Prepare in advance: On chart paper, write the word "philanthropy" and its definition: "Caring, sharing and taking action by using your time, talent and treasure for the common good." Beside the word "time," draw a picture of a clock. Beside the word "talent," draw a picture of stick figures holding hands. Beside the word "treasure," draw a picture of a dollar sign.
Read the definition of philanthropy to the students and then ask the students to think about how people like them get to be philanthropists. Illustrate this concept with the following demonstration.
Hold the spray bottle up for students to see with the spray nozzle set to a mist. Spray the wide mist onto the paper toweling in your other hand. Show the students how the paper toweling got a little wet all over. Explain that a person begins to be a philanthropist very much like the mist spray. The person may have a wide area of interests that cover a wide area of topics. (It may help to name some of the varied interests and talents in the classroom.)
Tighten the spray nozzle, making it a direct spray. Spray the thin stream onto a new paper towel. Show the students the small, but very wet area of the paper toweling. Tell students that as they discover what they really care about, their actions will be more focused like this spray of water. Then their work may make a more noticeable difference.
Look together at the following words in the definition of philanthropy: time, talent and treasure. Ask the group for examples of how young people can share their time for the common good. These actions can be very small, such as asking a new student to play or helping a younger student find his teacher. Write all of their ideas in a list on chart paper.
Ask the group for examples of how young people can share their talent for the common good. These actions can be very small, such as helping someone with a math problem or teaching a younger student to play a recess game. Write all of their ideas in a list on chart paper.

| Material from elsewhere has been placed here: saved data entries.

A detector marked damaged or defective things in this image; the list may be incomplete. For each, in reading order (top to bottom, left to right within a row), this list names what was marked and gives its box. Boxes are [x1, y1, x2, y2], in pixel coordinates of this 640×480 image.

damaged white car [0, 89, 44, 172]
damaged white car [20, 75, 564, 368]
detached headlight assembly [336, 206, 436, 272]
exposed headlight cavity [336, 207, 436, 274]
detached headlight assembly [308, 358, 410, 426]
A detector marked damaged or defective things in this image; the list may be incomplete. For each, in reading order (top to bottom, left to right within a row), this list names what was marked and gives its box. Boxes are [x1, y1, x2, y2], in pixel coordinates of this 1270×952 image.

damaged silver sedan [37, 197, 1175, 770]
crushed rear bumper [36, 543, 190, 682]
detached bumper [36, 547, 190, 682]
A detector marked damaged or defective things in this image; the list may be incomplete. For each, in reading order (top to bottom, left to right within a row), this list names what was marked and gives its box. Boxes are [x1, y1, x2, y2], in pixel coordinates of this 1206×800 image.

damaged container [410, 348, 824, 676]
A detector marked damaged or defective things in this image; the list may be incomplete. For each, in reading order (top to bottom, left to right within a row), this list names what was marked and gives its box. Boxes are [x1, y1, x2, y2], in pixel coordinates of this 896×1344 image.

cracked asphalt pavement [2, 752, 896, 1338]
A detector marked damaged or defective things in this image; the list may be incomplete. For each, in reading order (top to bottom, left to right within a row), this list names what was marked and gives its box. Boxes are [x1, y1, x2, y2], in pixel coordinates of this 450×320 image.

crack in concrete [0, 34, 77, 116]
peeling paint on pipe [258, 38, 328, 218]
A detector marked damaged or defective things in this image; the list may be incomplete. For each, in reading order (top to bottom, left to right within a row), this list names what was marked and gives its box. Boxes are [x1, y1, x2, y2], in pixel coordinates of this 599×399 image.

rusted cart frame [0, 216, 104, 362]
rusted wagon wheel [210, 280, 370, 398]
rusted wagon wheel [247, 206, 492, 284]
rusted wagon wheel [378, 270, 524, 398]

Ask the group for examples of how young people can share their treasure for the common good. These actions can be very small, such as sharing a toy or letting someone else have the last helping of food. Write all of their ideas in a list on chart paper.
Read aloud the poem "The Word for Me Is Philanthropy" (Handout One). Encourage the students to shout the last line.
After reading the poem, each student shares one small act of philanthropy he or she has done (they may refer to their brainstormed lists on the charts). After each student shares, have the whole class chant, "We are philanthropists!" Reinforce the idea that all of these small actions add up to one big improvement for the common good. They are making the world (or school or home) a better place.
Pass out the nametags that say, "Ask me why I am a philanthropist." Tell the students that they must wear this all day (until bedtime) and be ready to answer the question. They can practice with each other before they leave the classroom.
The students demonstrate their understanding of a kind act by drawing a picture of Johnny Appleseed in action. Observe student participation in discussions about their own philanthropic actions. Have each student draw a picture of one philanthropic action (Handout Two: An Action of the Heart). Teacher Note: Keep this picture for use in Lesson Four: Apple-icious.
Strand PHIL.I Definitions of Philanthropy
Standard DP 01. Define Philanthropy
Benchmark E.1 Define philanthropy as the giving and sharing of time, talent, or treasure intended for the common good.
Benchmark E.2 Define philanthropy and charity.
Strand PHIL.II Philanthropy and Civil Society
Standard PCS 01. Self, citizenship, and society
Benchmark E.4 Describe the characteristics of someone who helps others.
Standard PCS 02. Diverse Cultures
Benchmark E.4 Demonstrate listening skills.
Strand PHIL.III Philanthropy and the Individual
Standard PI 01. Reasons for Individual Philanthropy
Benchmark E.4 Give an example of how citizens act for the common good.
Benchmark E.5 Give examples of actions students can take to improve the common good and list or describe responsibilities that go with those actions.